Perfview in Dyn365FO. Part 3 - Wall clock analysis
How to analyze actual time thread spend working or waiting for other threads.
See the First part for the introduction and a list of posts.
First step in analysis is detection, what kind of resource is a bottleneck. In my practice when testing performance on 1 box envinronment, most case is CPU bound tasks:
- On onebox we have a very low latency betwen AOS and SQL server so even if we have lots of queries, they are using CPU, not network or disk
- Dyn365FO X++ code often use lots of small queries instead of one giant query with join - partly beacuse of it allows to use AOS caching, partly because many queries are in a separate methods (like “find”).
- I work on Electronic Reporting module that itself is more like platform then like application code.
- The reason for performance degradation can be locks on SQL server side, so it can be reproduced only with simultaneous work of multiple users
Please keep in mind that test and production is a different environement and use other tools (like TraceParser and SQL server tools) to check whether a bottleneck is onthe same place there or not.
Anyway lets strart.
How to analyze thread time
- Collect a trace with thread time enabled
- Filter by a thread you are interested in
- See the most used resource
- Recollect trace for CPU, if a task is CPU-bound
- Perform top down or bottom up analysis
After you press “Stop collection” and Perfview processed the trace, you will see the following window:
Double click on thread time to select process and see details:
We see list of processes sorted by CPU time used and since I use perfromance test, I see the Visausl Studio test execution engine on top. If you use onebox you can probably see SQL server (if it do the most job). Also you can se AOS (w3wp) batch service.
After pressing OK we will see data for callstacks:
Filtering by thread
This data is not very useful: since we measuring thread time it tells us all the time all thread spend on working and waiting, but we need to analyze only one thread - that is doing actual job.

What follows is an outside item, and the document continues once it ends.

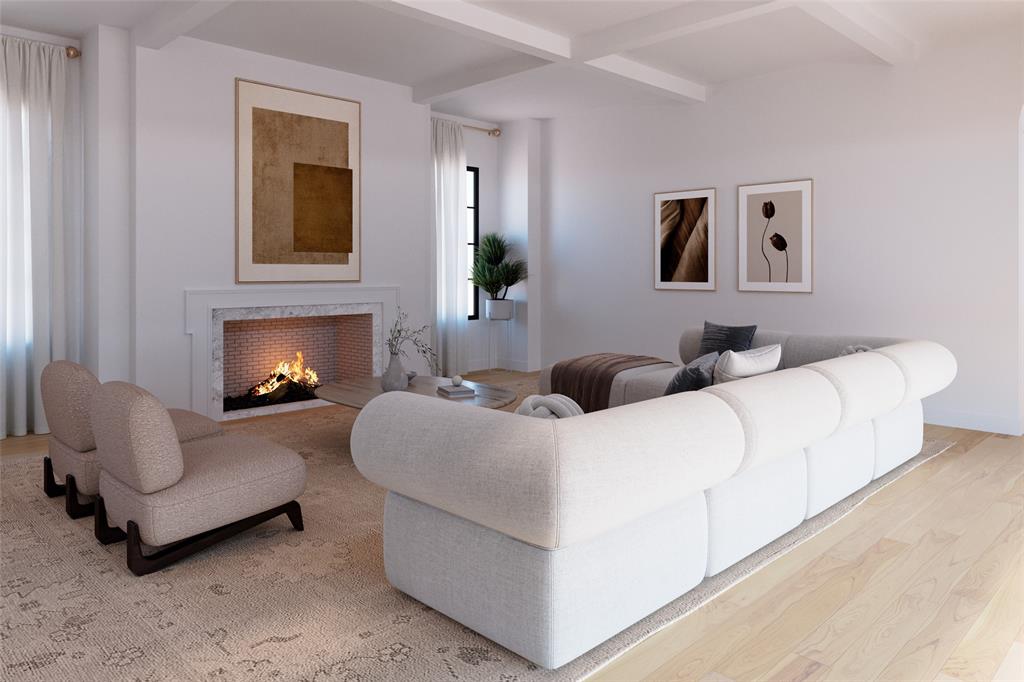 4711 Purdue Avenue Dallas, TX 75209 - Photo 4 of 27 a living room with furniture and a fireplace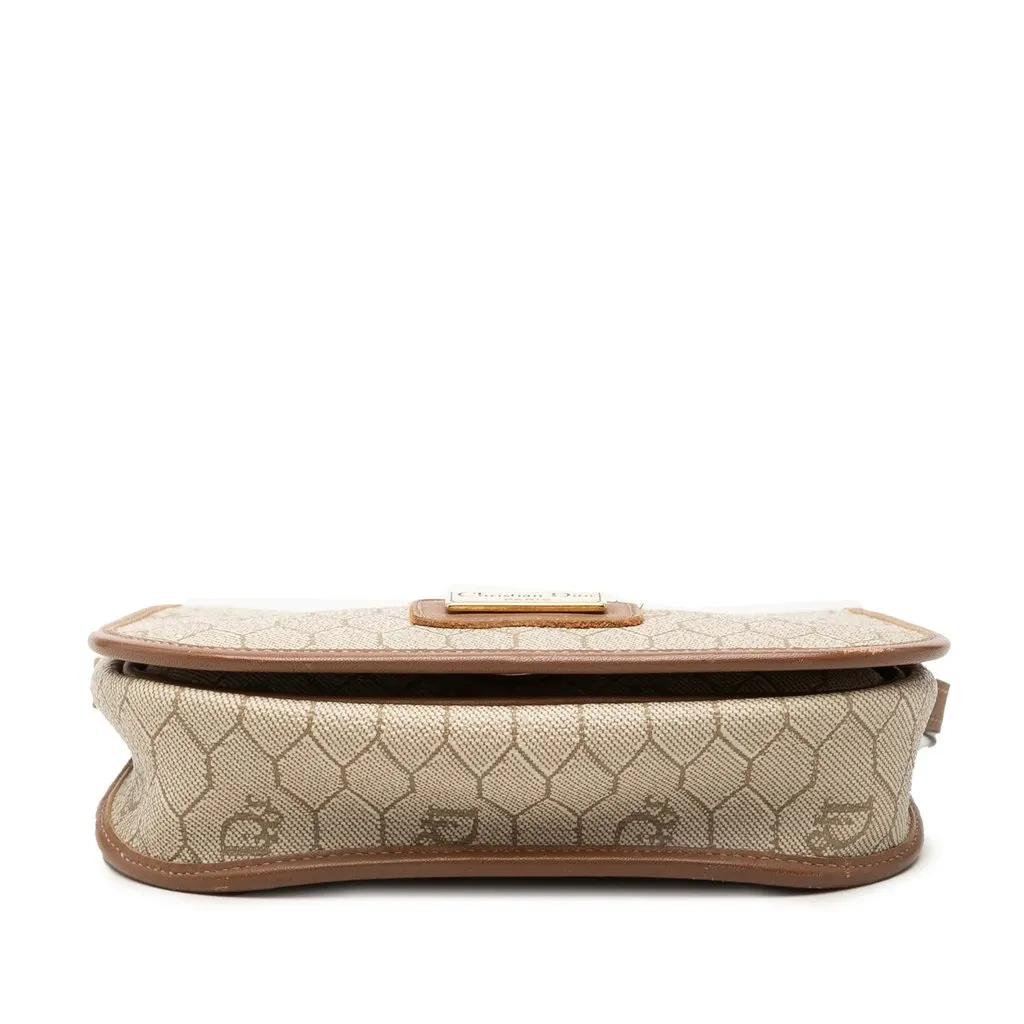 Dior Honeycomb Coated Canvas Crossbody Beige Canvas Good - Inside View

Also by default data is grouped by module. For selecting thread we
- Set “GroupPats” to nothing
- Find the thread we actually want to explore: enter in “find” a name of the method that surely exist in callstacks that you are interested in. For my case it is “ERFormatMappingRun.run” and press enter
Look at the pt.3 - perfview says that the whole method run is 0.6% of time. That’s because working and waiting time is summarized for all threads and this is percentage from all that time.
Lets tell PerfView to see only stacks that include “ERFormatMappingRun.run” or method of your choice: type “;ERFormatMappingRun.run()” in the IncPats window and swithch to “by name” tab:
We can see that most time (exclusive %) is spent by CPU - so actually calculating things, not waiting for SQL or network.
The task is CPU bound.
Now you shoould recollect trace for CPU to get better precision. Or, if you have a different result, you can start top down or bottom up analysis:
- Go to CallTree tab and investigate perfromance of different parts from the top
- Or doubleclick CPU and see the callers tree
The later will be difficult since perfview now does not know what are borders of your task and so it is started from OS internals.
But the tool is very flexible and the next time we will see how to group stacks by meaningful properties.